Stories that a culture tells itself reveal what it values, and nearly every culture throughout history has its own unique version of the Cinderella story. As a child, I was fascinated by the dress-making scene in the American version of this story, the ever-popular 1950 Disney animated film where mice and birds sew a dress for the rag-clad protagonist so that she might attend the ball and have a chance to marry the prince. This story version models an identity for women and girls where the beautiful and charming are always good, the less attractive are always bitter and envious, and where the right dress can magically change your identity, marital, and class status overnight.
It seems our image-driven rags-to-riches consumer culture is obsessed with fitting women and girls into this model. It is impossible not to see the fantastical fairytale princess all around us in advertisements, shopping malls, and department store windows in her ever-improved-for-quick-consumption apparel.
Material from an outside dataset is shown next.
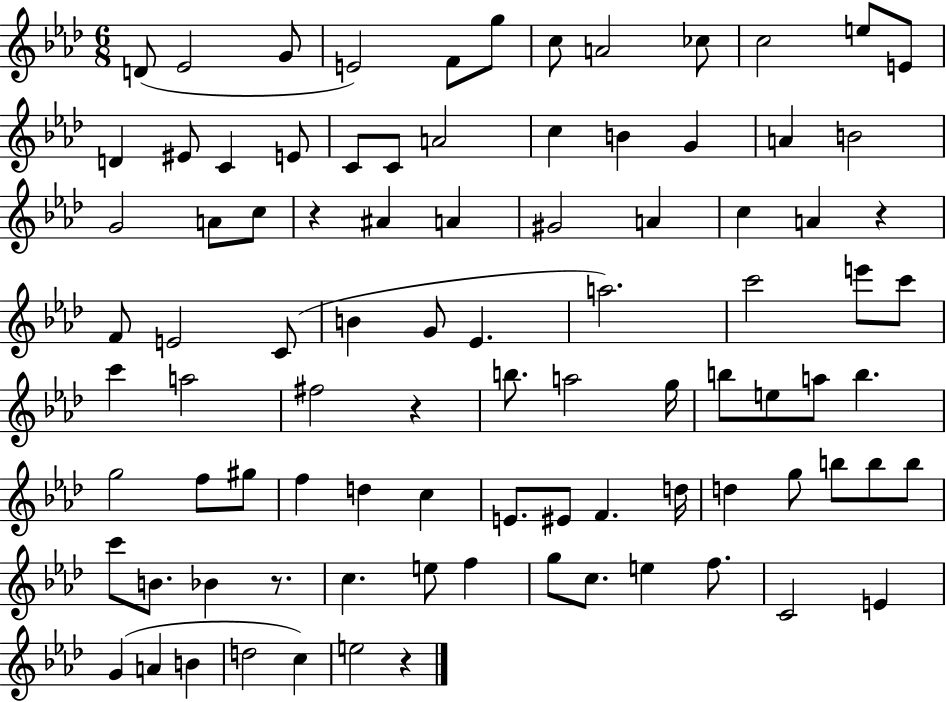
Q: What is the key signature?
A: AES major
Moreover and of great fascination to me, her predecessors can be spotted in their luscious gowns throughout Western European art history emerging into our current trope from far-away Renaissance lands, informing women’s identities long before Walt Disney put in his uniquely American two cents.
As I continue my investigation into identity from the subject position of a woman, mother and artist living in Disney-legacy America, I feel compelled to examine and raise questions about the fairytale princess – a gendered identity constructed from historical and current sociocultural influences. She is a stereotype of long term ideals and values which not only affects young girls but is adhered to and propagated by women of all ages.